Предложением этим «Общество» не воспользовалось, но два года спустя, в сентябре 1780 года, Гарриган – или, вернее, его сын Жан-Мари, который вел всю корреспонденцию и подписывал письма «за моего отца», – предложил аналогичный обмен с заранее оговоренным условием, что каждая из сторон на свой страх и риск и за свои деньги будет доставлять товар Жаку Револю, лионскому агенту STN. Нёвшательское издательство согласилось на эти условия и отправило Револю книг на 891 ливр в обмен на изданный Гарриганом «Словарь Французской академии» (Dictionnaire de l’ Académie française119). На каждом из Dictionnaires стоял штамп, который означал, что, в полном соответствии с эдиктами 1777 года, книга прошла процедуру легализации в палате синдиков. Револь заподозрил, что штампы поддельные. Гарриган заверил STN, что они настоящие, а потому Револь попросту отослал книги на досмотр в лионскую палату, чтобы впоследствии переправить их в Нёвшатель. Однако тамошний инспектор изъял их по подозрению в подделке печати – а это обвинение было куда серьезнее, чем обвинение в пиратстве, и Револь не преминул тут же известить об этом «Общество»: «Если это правда, Гарриган окажется в большой беде. Если бы нечто подобное произошло с французским книготорговцем, тому следовало бы считать себя счастливчиком, если бы он отделался ссылкой на галеры». В конце концов штампы были признаны подлинными, и сделка была завершена.

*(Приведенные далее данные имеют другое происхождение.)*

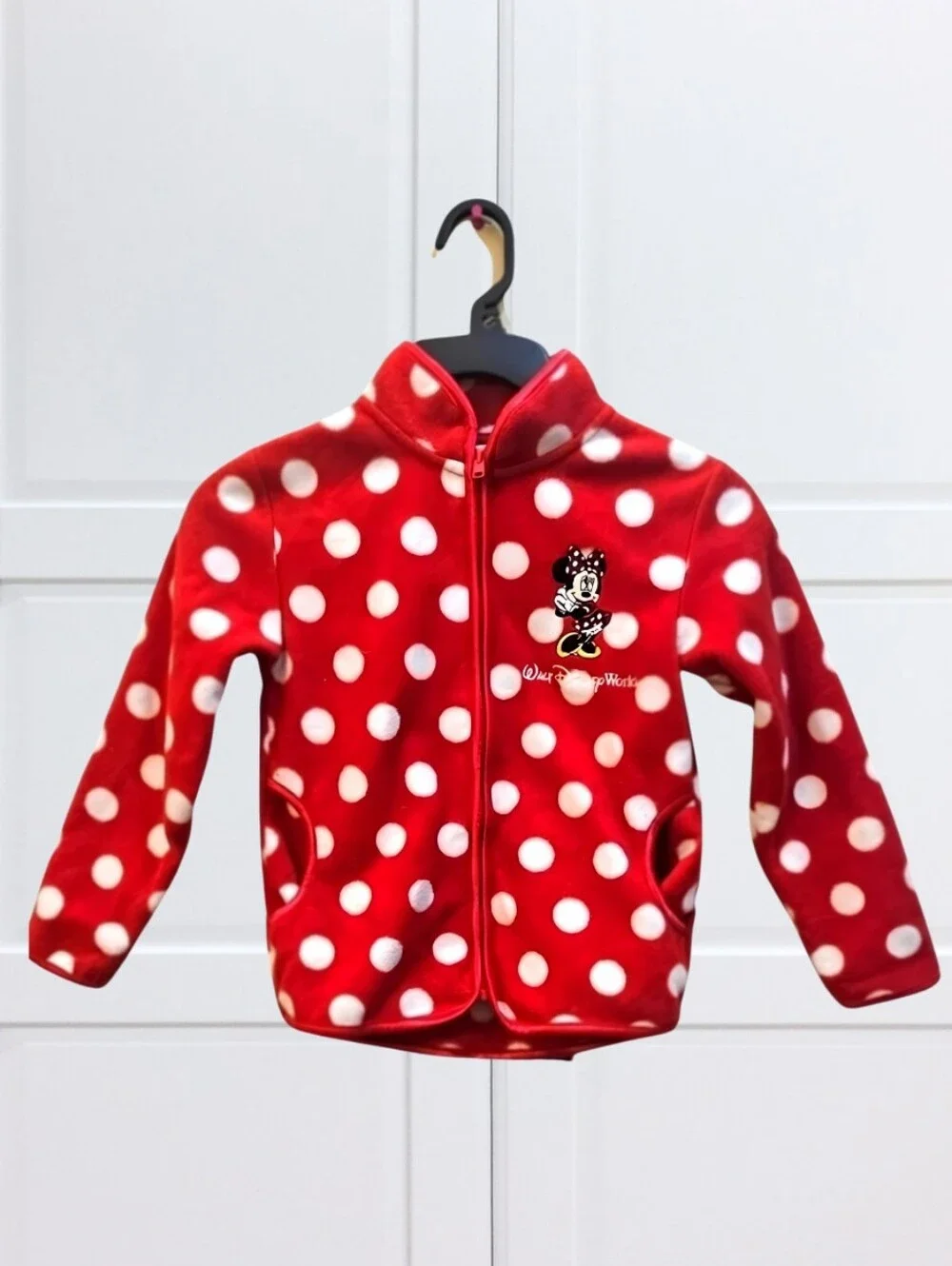 Disney Parks Minnie Mouse Red Polka Dot Fleece Jacket Girls S 8 Warm Soft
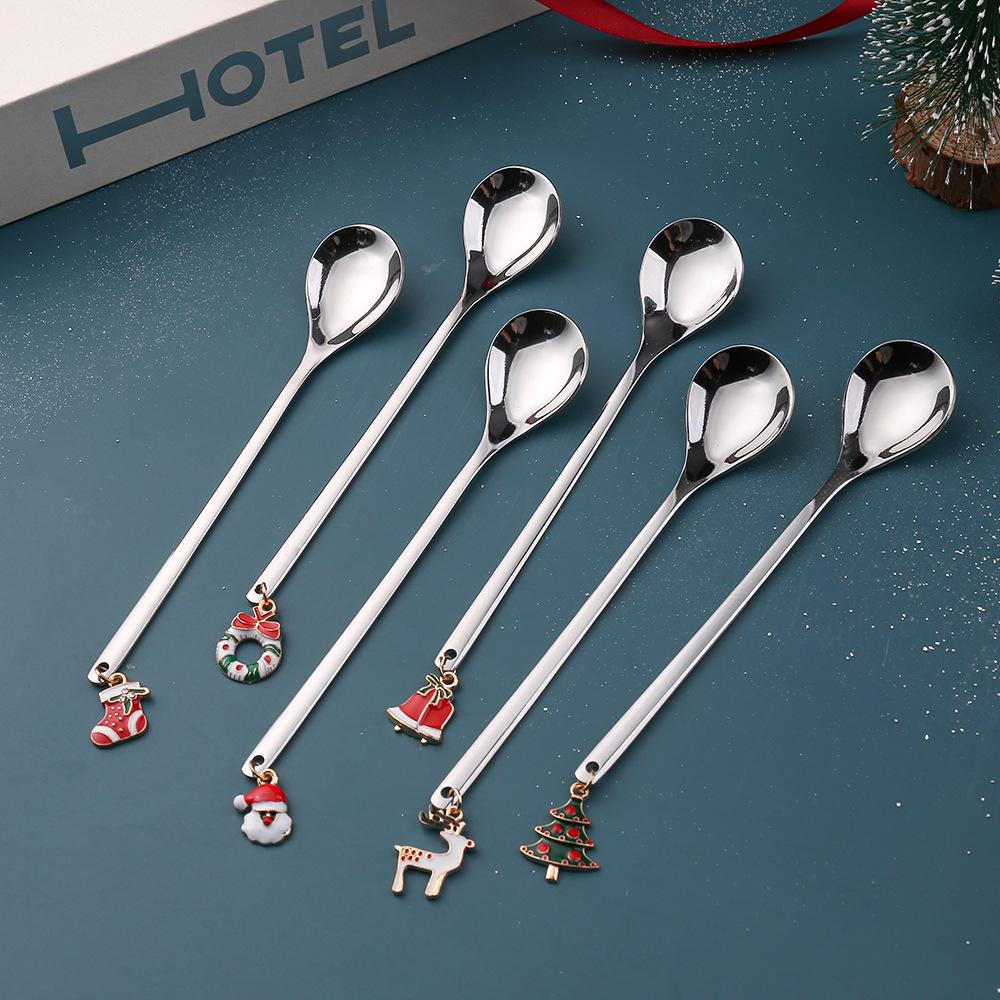 Christmas Stainless Steel Spoon and Fork Gift Set with Cute Pendant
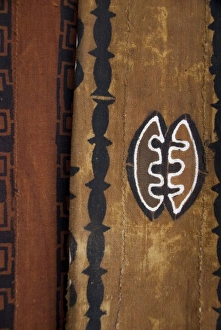 Africa, Gambia. Capital city of Banjul. Typical hand painted African fabric Africa, Gambia. Capital city of Banjul. Typical hand painted African fabric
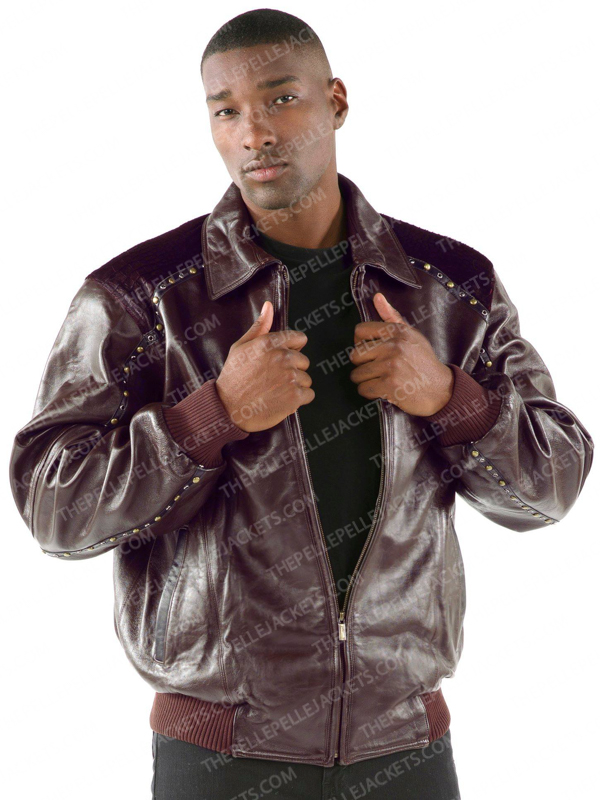 Pelle Pelle Mens Winged Deep Maroon Leather Jacket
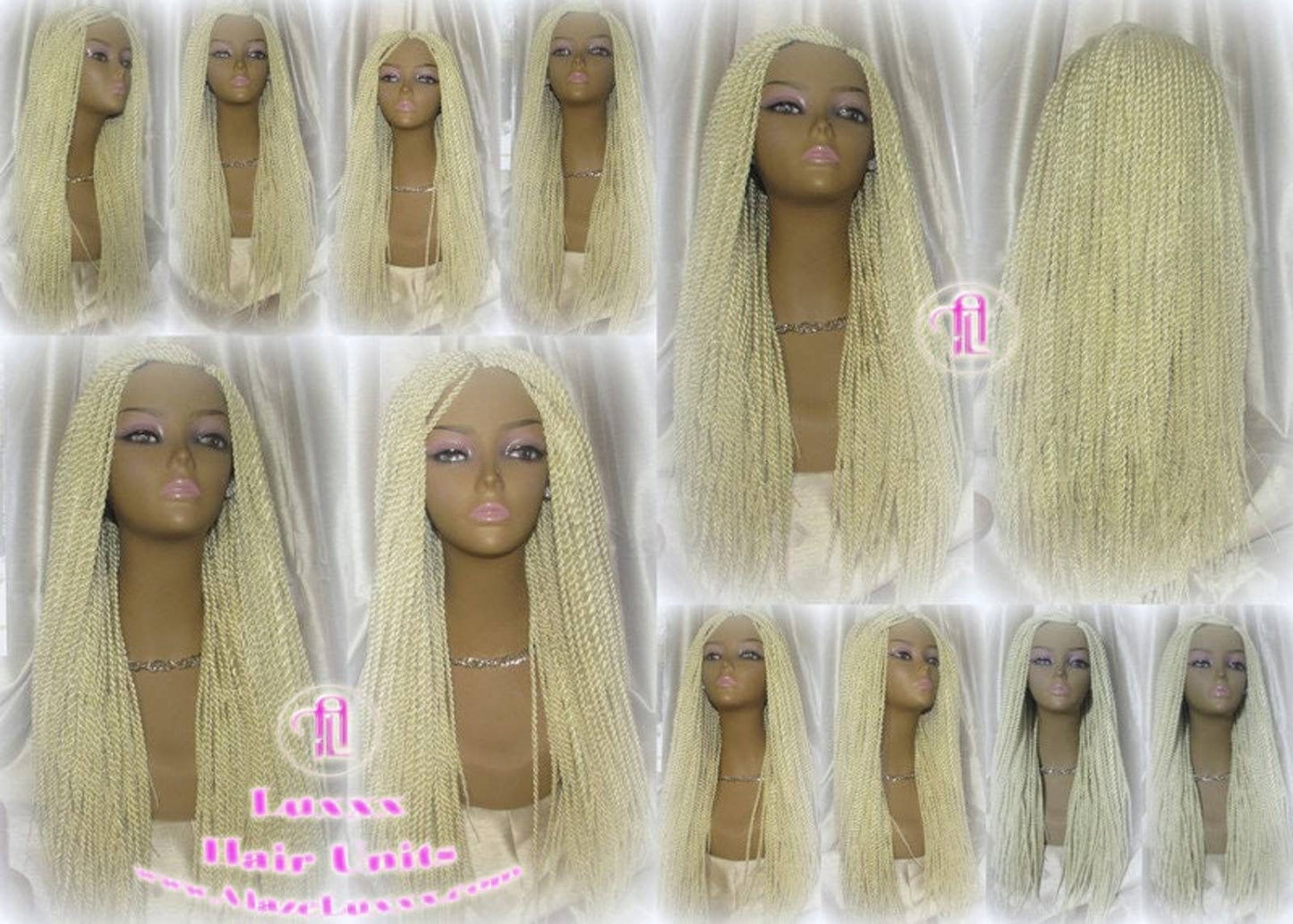 Senegalese Twist Twisted Braid Wig 613 Blonde Long Straight Small Braids Wig 24in Crochet Loc Braiding Platinum African Braided Wig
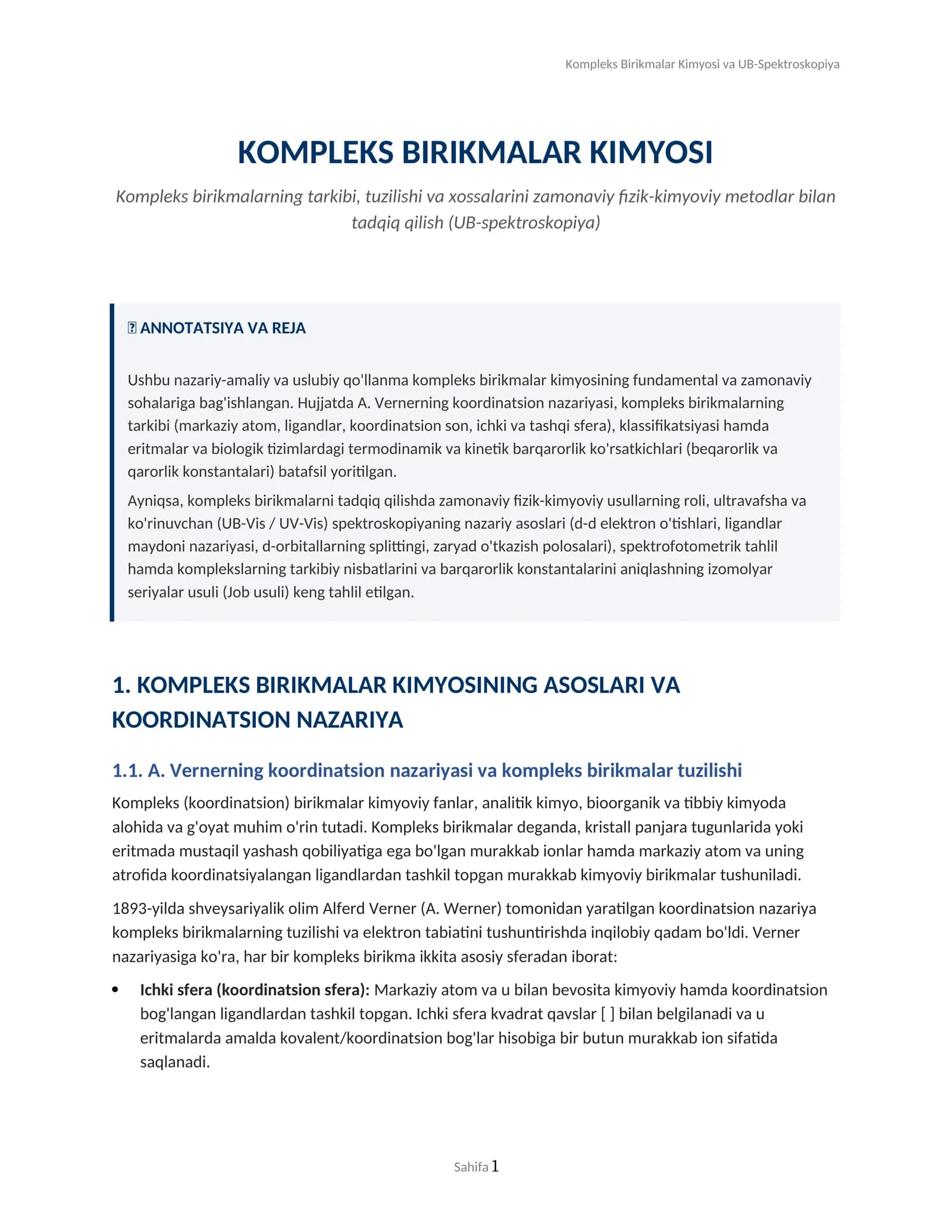 Kompleks Birikmalar Kimyosi va UB-Spektroskopiya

Это не помешало Револю по-прежнему числить Гарригана «непростым клиентом, да еще и склочником», но STN готово было и дальше вести с ним дела.
В июне 1781 года Гарриган предложил следующую сделку. Теперь он счел необходимым заранее оговорить сразу два условия: качество бумаги и печати должно быть не хуже, чем в прошлый раз (он не примет ни единого листа, напечатанного на серой бумаге), а какие бы то ни было задержки с поставками должны быть полностью исключены (иногда один из партнеров по обмену предпочитал придержать товар, чтобы иметь возможность сбыть те же книги другим клиентам, покуда спрос на них не упал). Нёвшательское издательство ответило согласием и запросило еще тридцать один экземпляр двухтомного «Словаря Французской академии», который из всех выпущенных Гарриганом книг продавался стабильнее всего. Он отправил эти экземпляры по специальной цене в 18 ливров за комплект – при том что стандартная оптовая цена составляла 24 ливра. Кроме того, STN заявило о готовности осуществить пробную закупку еще двух репринтных изданий, недавно вышедших в его типографии: «Карманного географического словаря» (Dictionnaire géographique portatif), справочника, написанного Жаном-Батистом Ладвока, известным также как Аббат Возьен, и расширенного издания детского учебника «Друг детей, для использования в сельских школах» (L’ Ami des enfants à l’ usage des écoles de la campagne) Фридриха Эберхарда фон Рохова120. Оба появились в каталоге STN, датированном следующим годом, и продавались неплохо.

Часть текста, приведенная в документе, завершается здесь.